Short text fragments from websites
[Start of section]
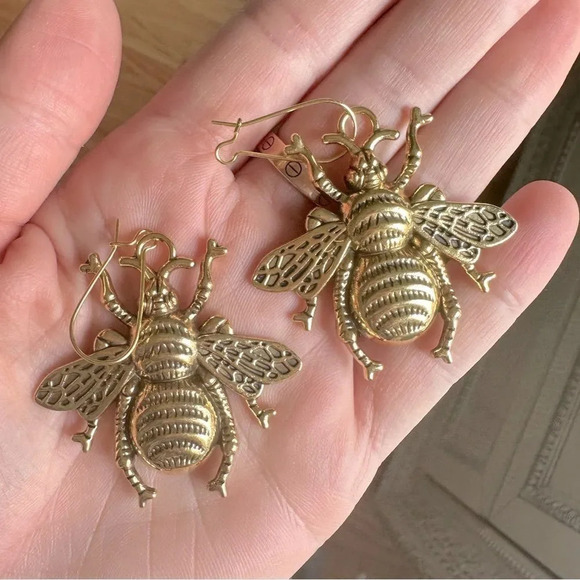 Gold Queen Bee Lucky Earrings - Picture 7 of 17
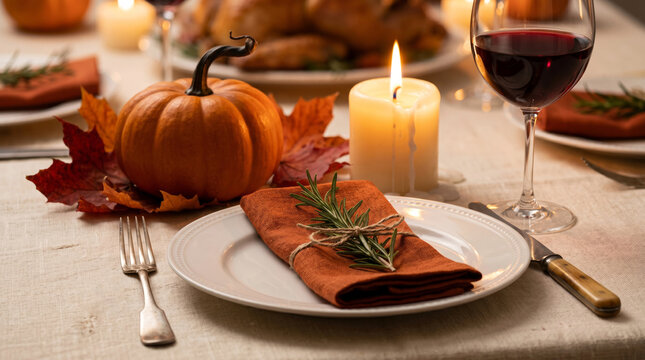Close-up of a single Thanksgiving place setting with a white ceramic plate, a deep burnt orange linen napkin tied with a rosemary sprig, vintage silverware and a wine glass with wine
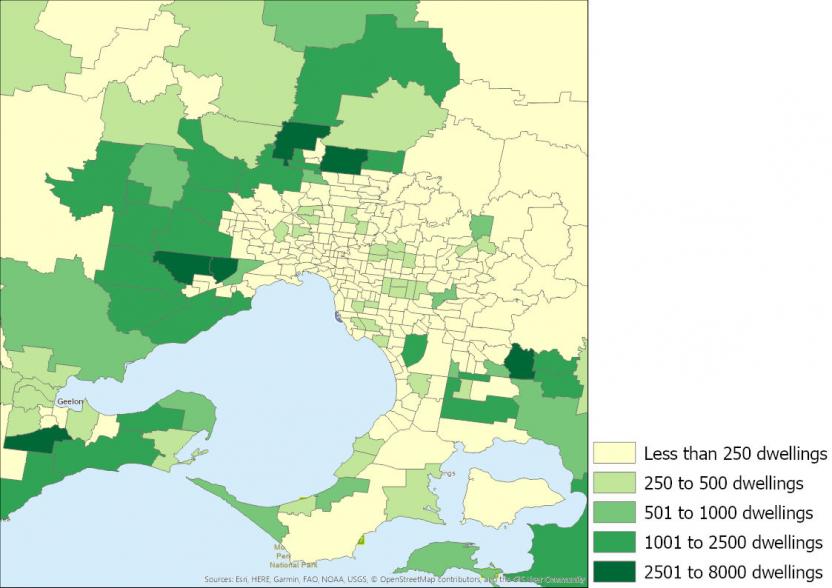 Map of the number of houses completed in Victoria by SA2 from 2016 to 2019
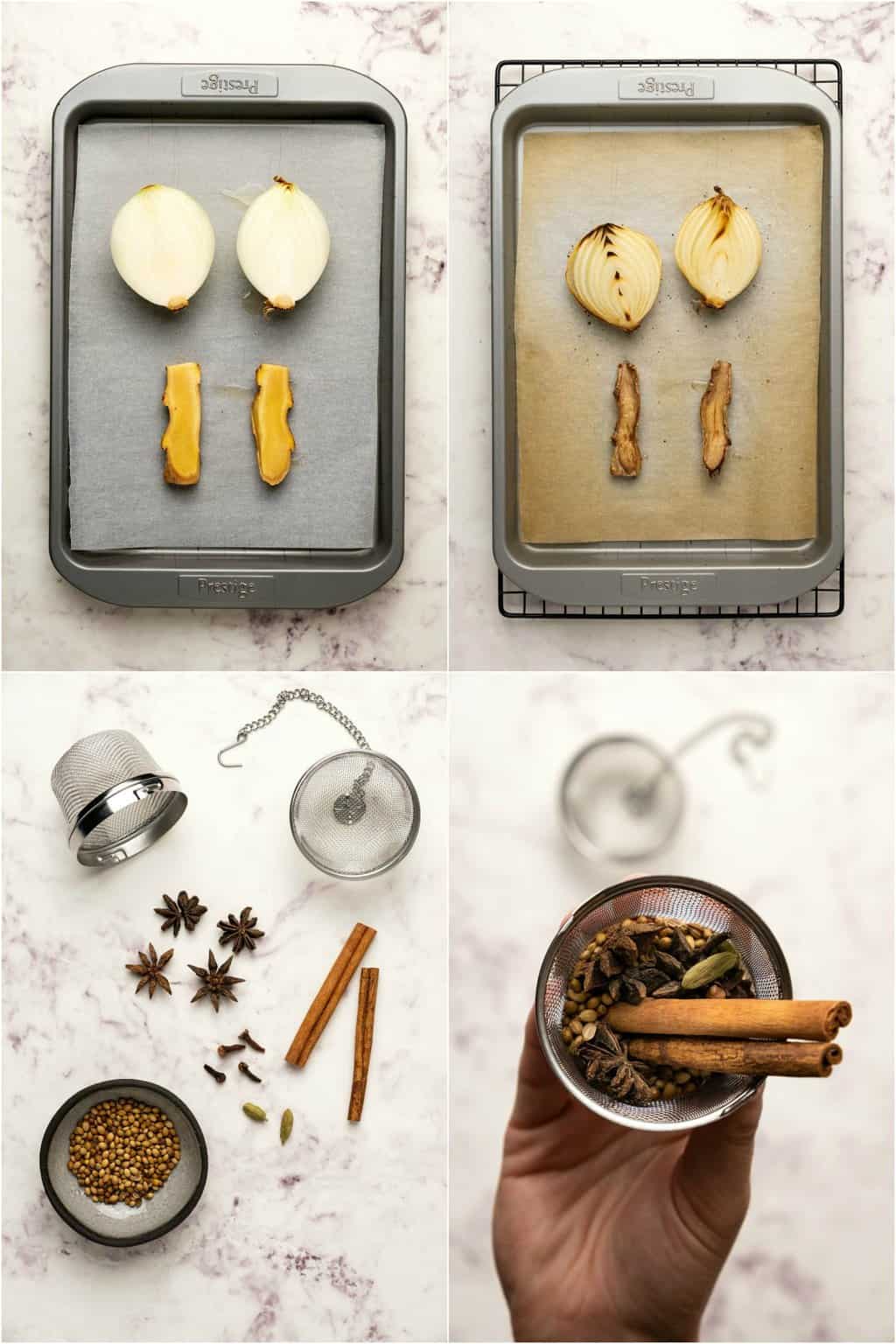 Préparer des oignons et du gingembre carbonisés et des épices pour le pho végétalien. 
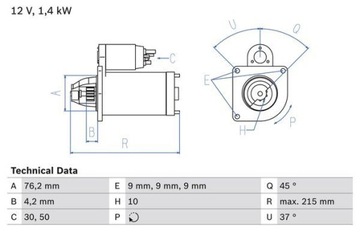 STARTÉR 0 986 025 670 BOSCH ALFA ROMEO DODGE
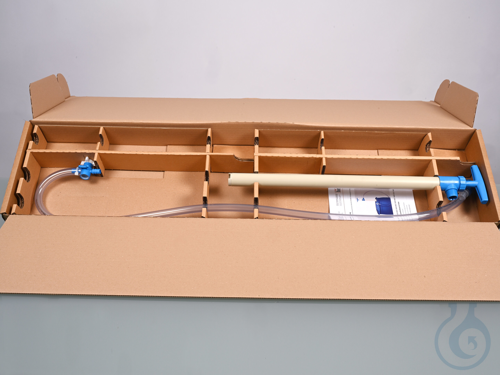 PP barrel pump w/discharge hose/stopcock, 50 cm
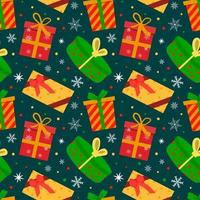 weihnachtsgeschenkboxen und weiße schneeflocken. Vektor Musterdesign auf Indigo-Hintergrund. für Textilien, Packpapier, Verpackungen, Kulissen, Tapeten.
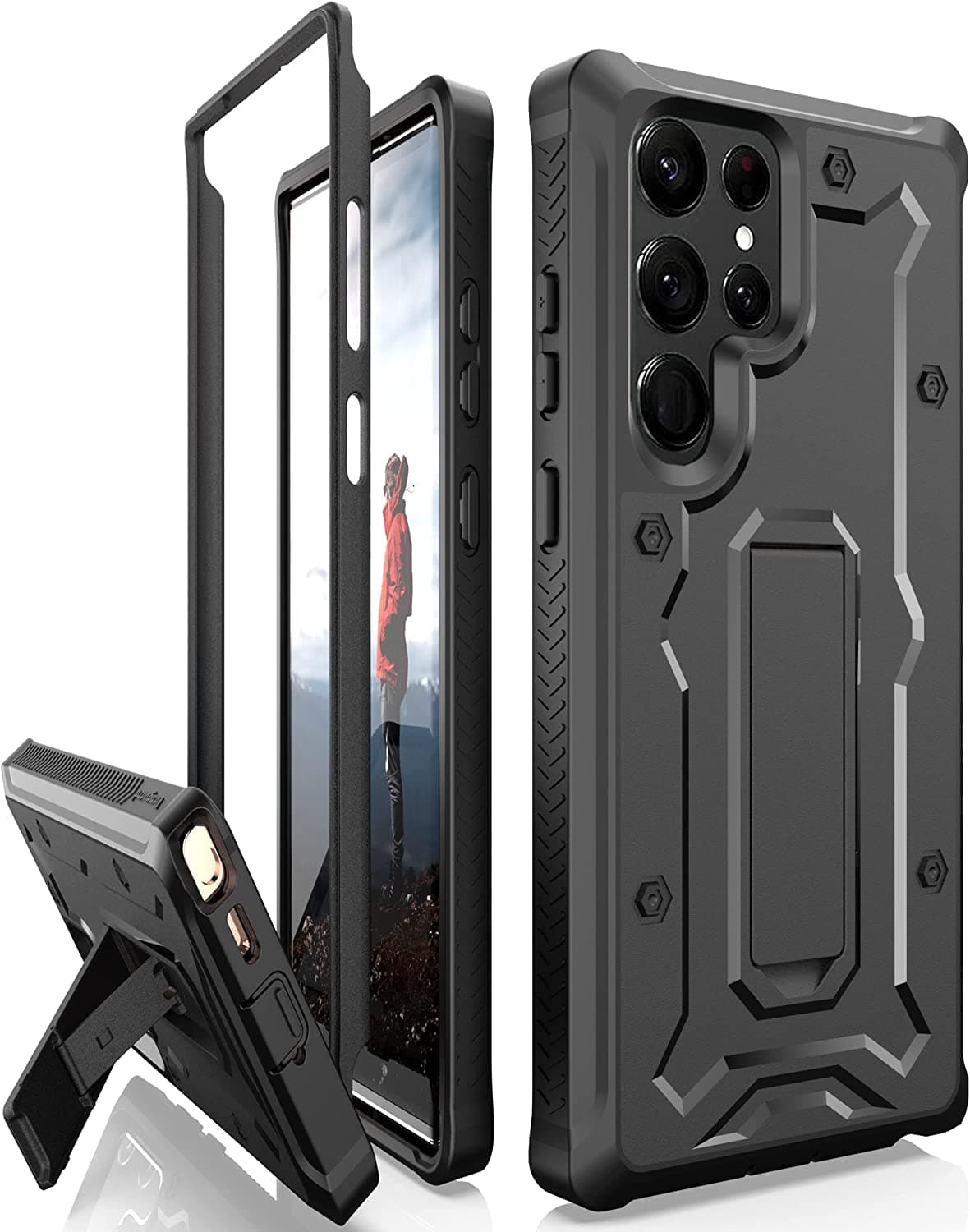 Designed for Samsung Galaxy S22 Ultra 5G Case (2022), Full-Body Multi-Layer Rugged with Stand [Screenless] - Charcoal Black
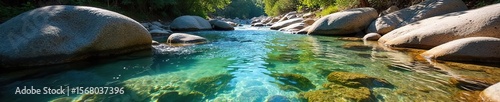 Serene Freshwater Stream Flowing Over Smooth Rocks in Sunlight Pristine Nature Scene Ideal for Travel, Environmental, and Ecosystem Themes
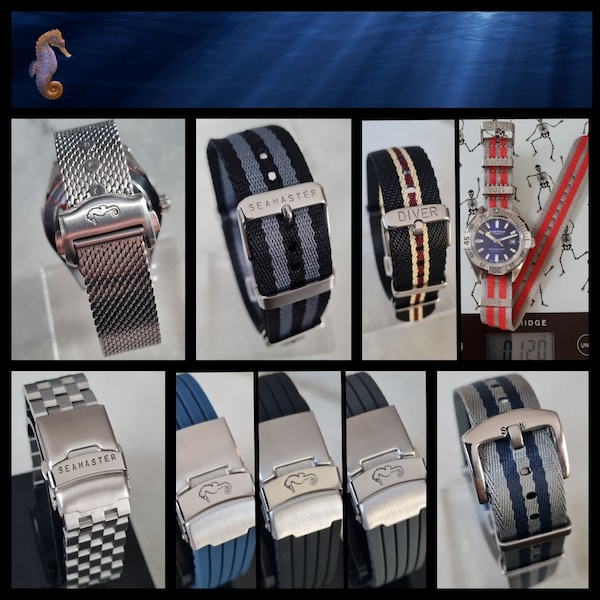 20mm SEAMASTER Watch Strap  Mesh Bracelet  316L Stainless Steel, Nylon Strap, Silicone Band DIVER SeaHorse Band  007 James Bond Omega Style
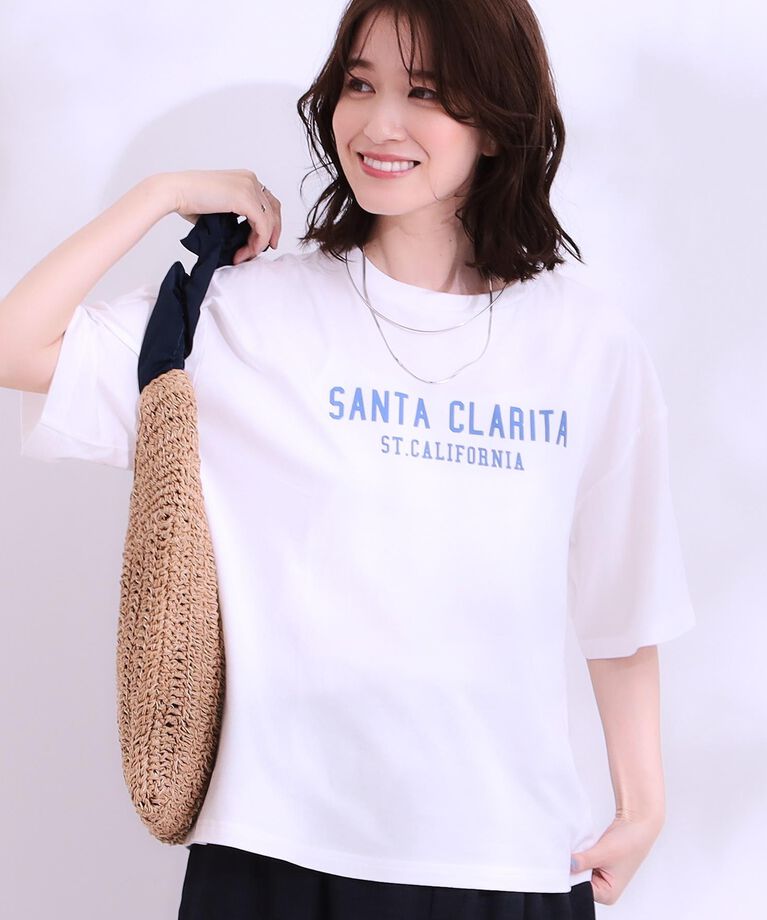 SHOO･LA･RUE「【S-LL/選べる4柄】コットンプリントロゴTシャツ」|Tシャツ・カットソー|ホワイト(401)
[End of section]
What you have to do:
Output the records above as they stand, from the first line to the line with "Préparer des oignons", inclusive, and exclude the pictures.

Answer area:
 Gold Queen Bee Lucky Earrings - Picture 7 of 17
Close-up of a single Thanksgiving place setting with a white ceramic plate, a deep burnt orange linen napkin tied with a rosemary sprig, vintage silverware and a wine glass with wine
 Map of the number of houses completed in Victoria by SA2 from 2016 to 2019
 Préparer des oignons et du gingembre carbonisés et des épices pour le pho végétalien. 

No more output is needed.